Ex-Baffinland CEO 'more confident', still sees Chinese interest

By: Liezel Hill17th January 2011
TORONTO (miningweekly.com) : Gord McCreary, who resigned from the board of Baffinland Iron Mines in November, after the company agreed to support a takeover bid from ArcelorMittal, said at the weekend he is still working to get a better offer on the table.
McCreary is focused on a specific, unidentified Chinese State-owned company, which he says has shown strong interest in Baffinland and its Mary River iron-ore project.
“I am more confident now than I have been in the past, yes,” he said in an interview from Beijing on Saturday.
There is “very definitely” still interest in China in Baffinland and its asset, he said.
“I can't quantify it in percentage terms in terms of likelihood and that sort of thing, all I can do is keep my head down and go as hard as I possibly can to get there.”

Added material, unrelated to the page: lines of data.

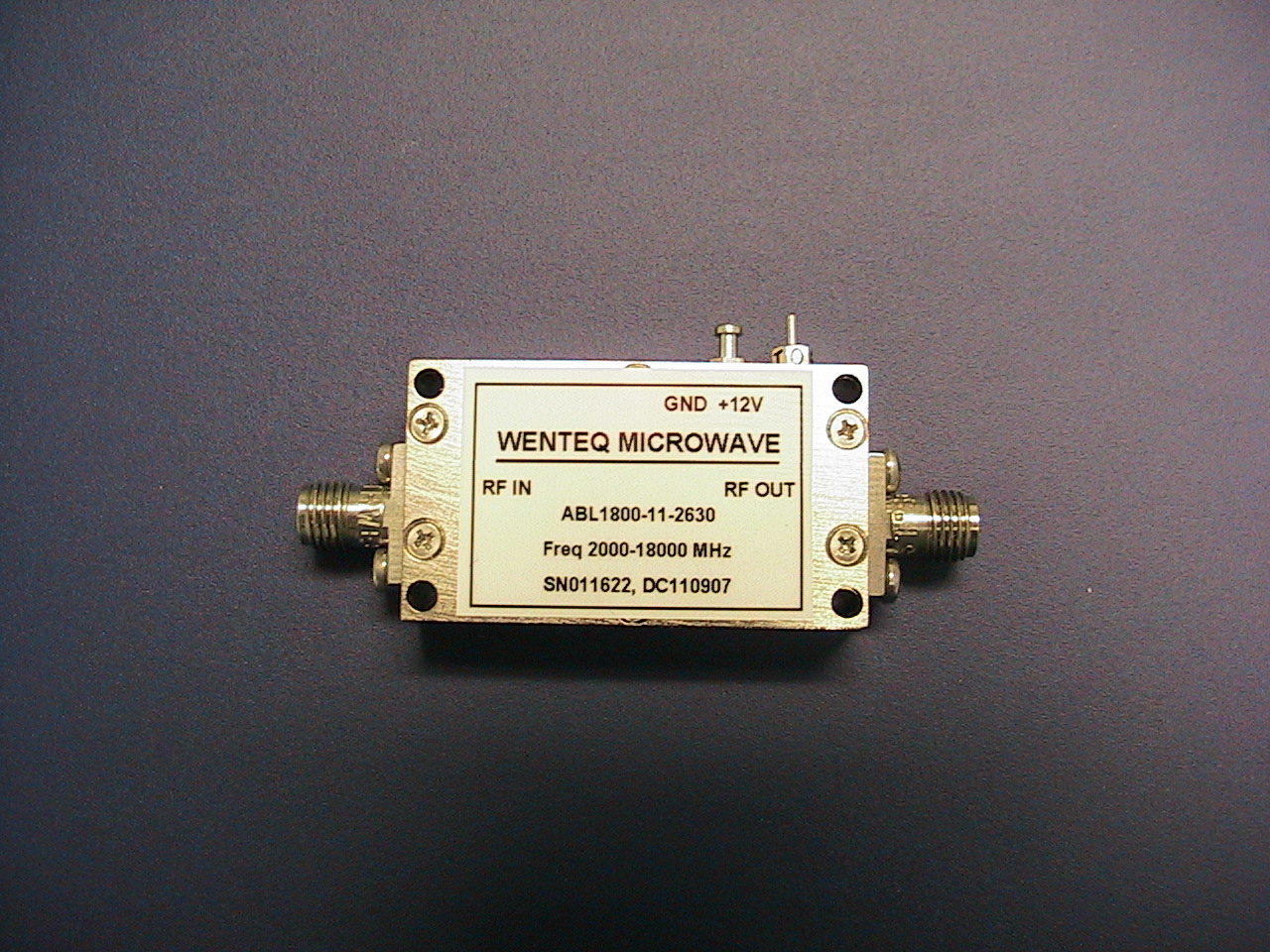 ABL0600-33-2608寬帶低噪聲放大器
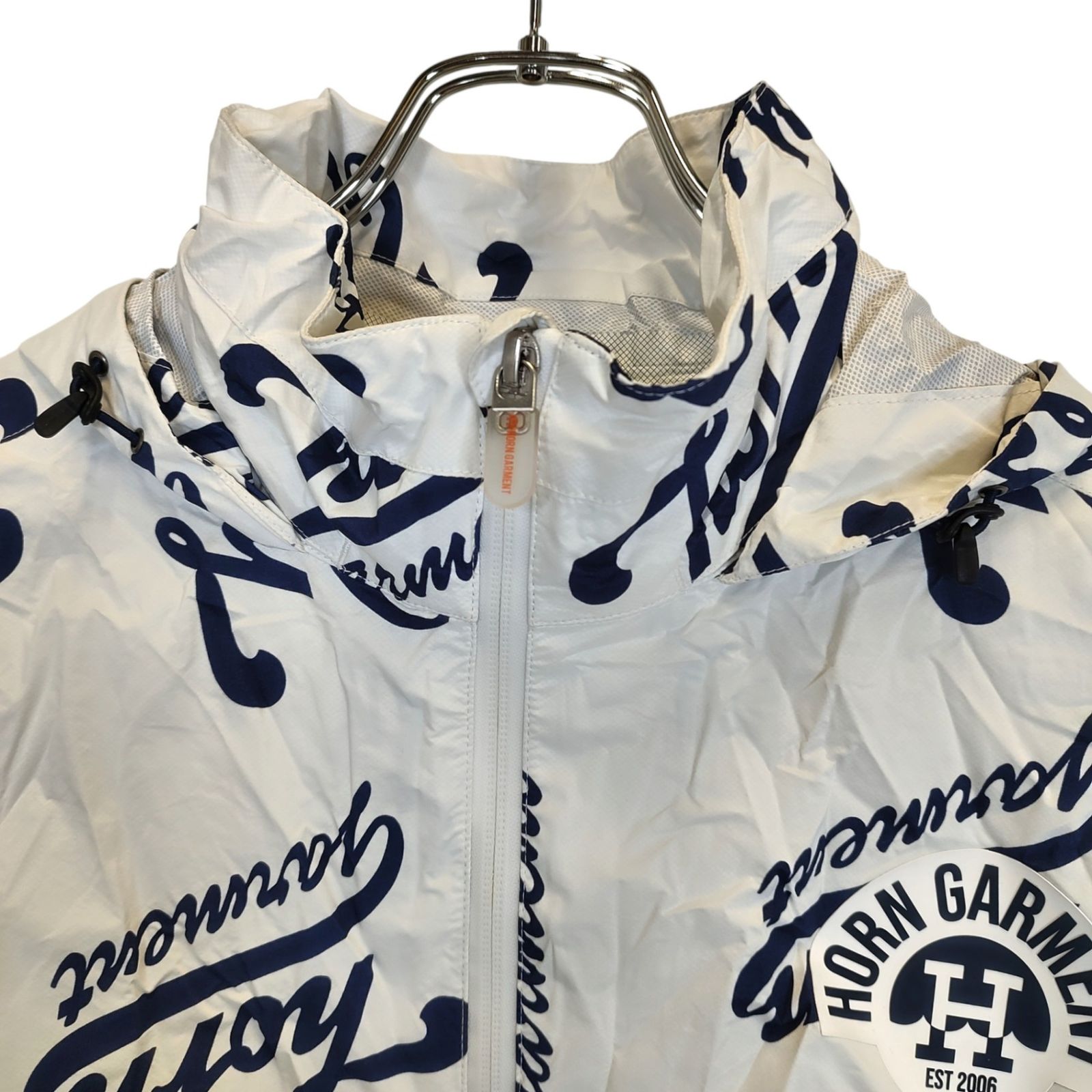 HORN GARMENT ホーンガーメント ゴルフ ウィンドブレーカー ナイロン
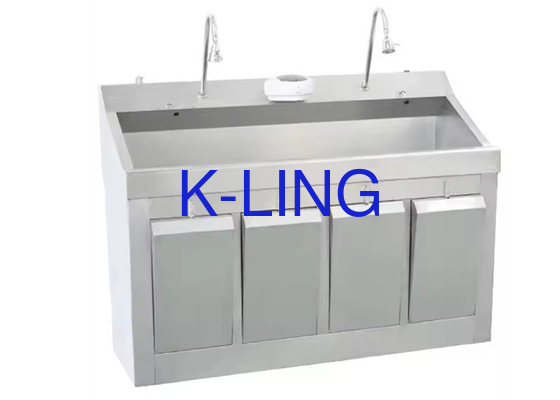 Máy rửa tay truyền cảm ứng hồng ngoại y tế với máy pha xà phòng cho phòng sạch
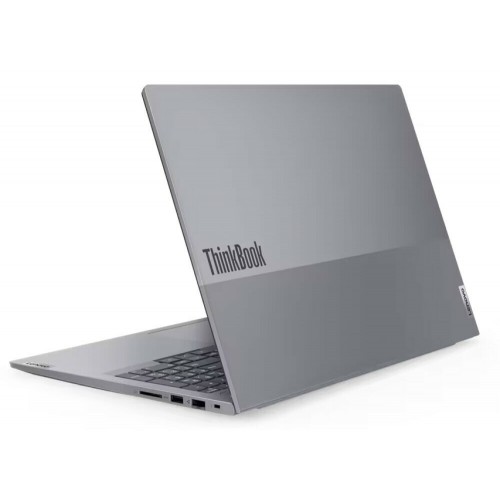 Ноутбук Lenovo ThinkBook 16 G6 IRL Intel Core i5 13420H, 2.1 GHz - 4.6 GHz, 16384 Mb, 16 WUXGA 1920x1200, 512 Gb SSD, Intel UHD Graphics, No OS (21KH00SXRU) (серый) 6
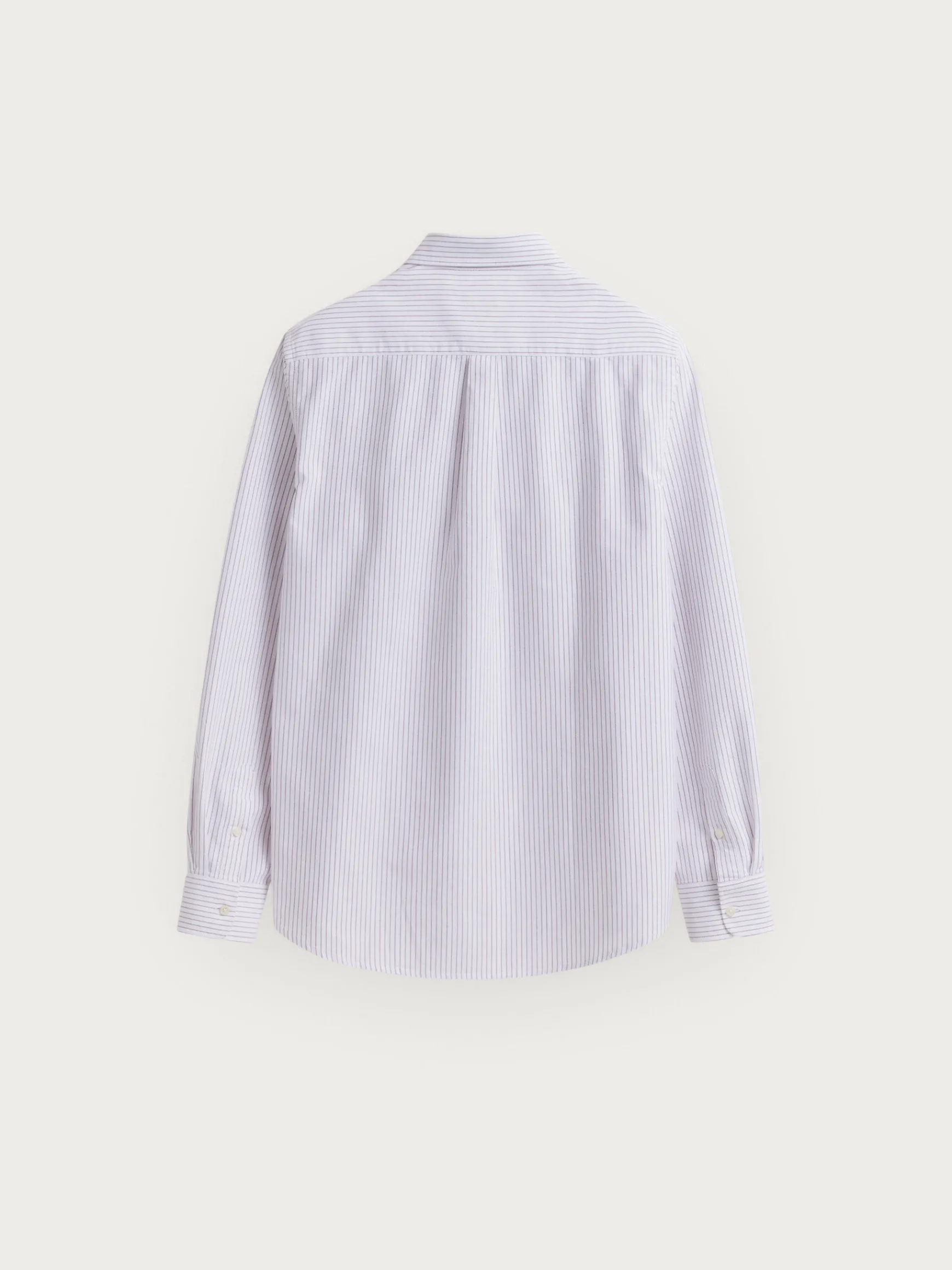 Alvaro Moreno Oxford|CAMISA OXFORD ASTON Burdeos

McCreary, who owns about 2,3-million shares of Baffinland, had dismissed successive offers from ArcelorMittal and hostile bidder Nunavut Iron Ore Acquisition as too low, and told Mining Weekly Online he was also not impressed by the announcement on Friday that the former rivals have agreed on a new joint offer for Baffinland.
Even in the absence of another offer, McCreary said he would not tender his stake in Baffinland to the new C$1,50 a share offer, which he described as a “sweetheart deal” for Nunavut.
The new offer is scheduled to close on January 24, which, unless there are any more surprises, gives McCreary a 'hard' deadline for his plan to get an alternative bid on the table.
Shares in Baffinland declined 2,6% on Monday, to C$1,51 apiece by 14:18 in Toronto.
Baffinland's board of directors said earlier in the day it has recommended the joint ArcelorMittal-Nunavut offer to shareholders, and added that it had not received any third-party acquisition proposals.
ROAD HAULAGE
Besides the new joint offer, another significant piece of news emerged last week in the form of a feasibility study published by Baffinland on the potential to start production from Mary River on a smaller scale, using trucks to transport ore to port.
The road haulage project would require an initial capital of C$605-million if the company hired a contractor to operate the project, while the C$740-million figure assumes it would be owner operated.
That is significantly lower than the $4-billion estimated for the original project plan, which includes rail and port infrastructure.
Operating costs are estimated at C$29/t under the project owner, or C$63/t if a contractor were brought in, and production from the road-haulage project could start in 2013, with about one-million tons of iron-ore being shipped, Baffinland said.